Do you want groceries and gadgets delivered to your doorstep plus free restaurant delivery, or do you want groceries delivered and put inside your refrigerator plus gas discounts? (Or both?)
Those are the offerings in play as of Wednesday from Amazon and Walmart, respectively, with annual price points of $139 and $138, respectively.
On the same day that Amazon announced a deal with Grubhub that will give Amazon Prime members a free one-year trial of Grubhub+ (which offers free restaurant delivery on orders of $12 or more), Bentonville, Ark.-based Walmart announced that it's integrating InHome delivery as an optional add-on within its Walmart+ membership program.
Walmart's InHome delivery service is exactly what it sounds like, with a "highly trained InHome associate" delivering orders placed on Walmart.com or through the Walmart app into the customer's residence or garage via a one-time door access code and putting away perishable goods in the refrigerator or freezer as needed.
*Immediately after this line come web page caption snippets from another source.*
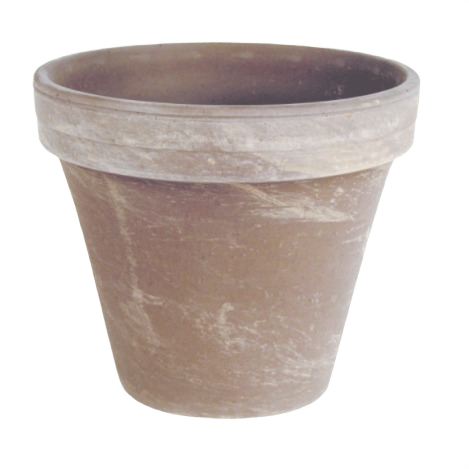 Standard chocolate brown flower pot with worn texture for gardening and home improvement use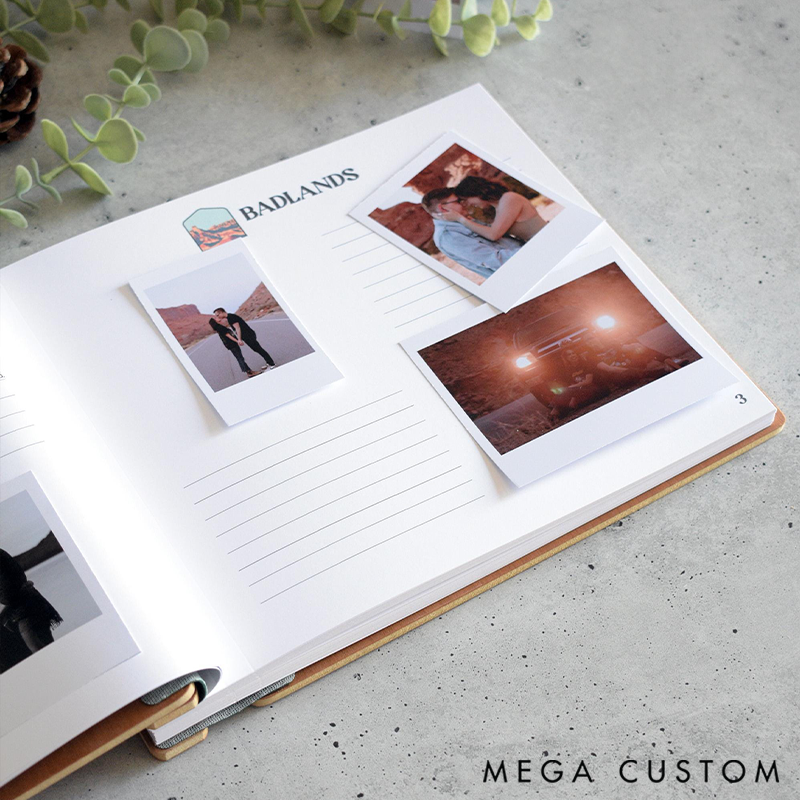 Personalized Travel Scrapbook National Park Sign Book Scrapbook Valentines Gift for Him or Her Couple's Travel Souvenir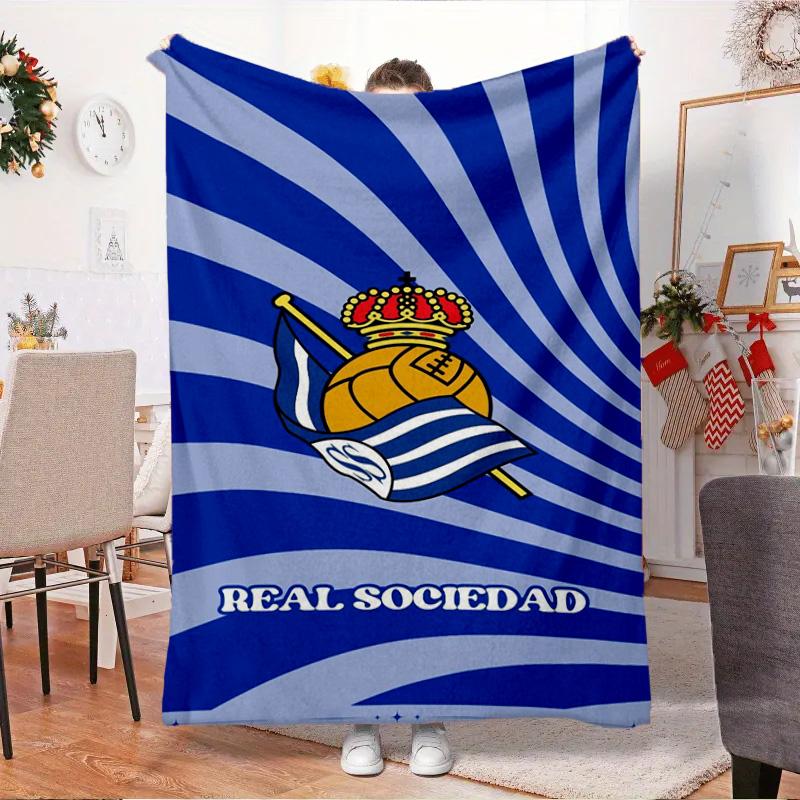 Real Sociedad Blanket Outdoor Flannel Blanket for Camping, Hiking, Garden Parties, Picnic Essentials,gift for family and friends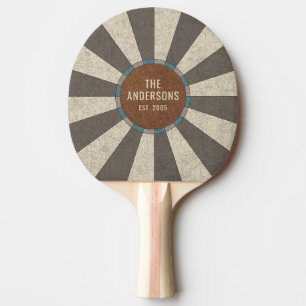 Raquette De Ping Pong Nom de famille personnalisé Vintage Rétro Sunburst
The offering debuted in 2019 and was available to six million U.S. households as of the beginning of this year, when Walmart announced a major expansion of the service that would make InHome delivery available to around 30 million households by the end of 2022.
Previously, InHome and Walmart+ were separate membership programs, with InHome service costing $50 per year and a Walmart+ membership clocking in at $98 annually (or $12.95 per month). Walmart+ benefits include free unlimited grocery delivery from Walmart stores with a $35 minimum order, free shipping with no order minimum, use of checkout-free Scan & Go payment in store and, as of April, 10 cents off per gallon at more than 14,000 gas stations across the country.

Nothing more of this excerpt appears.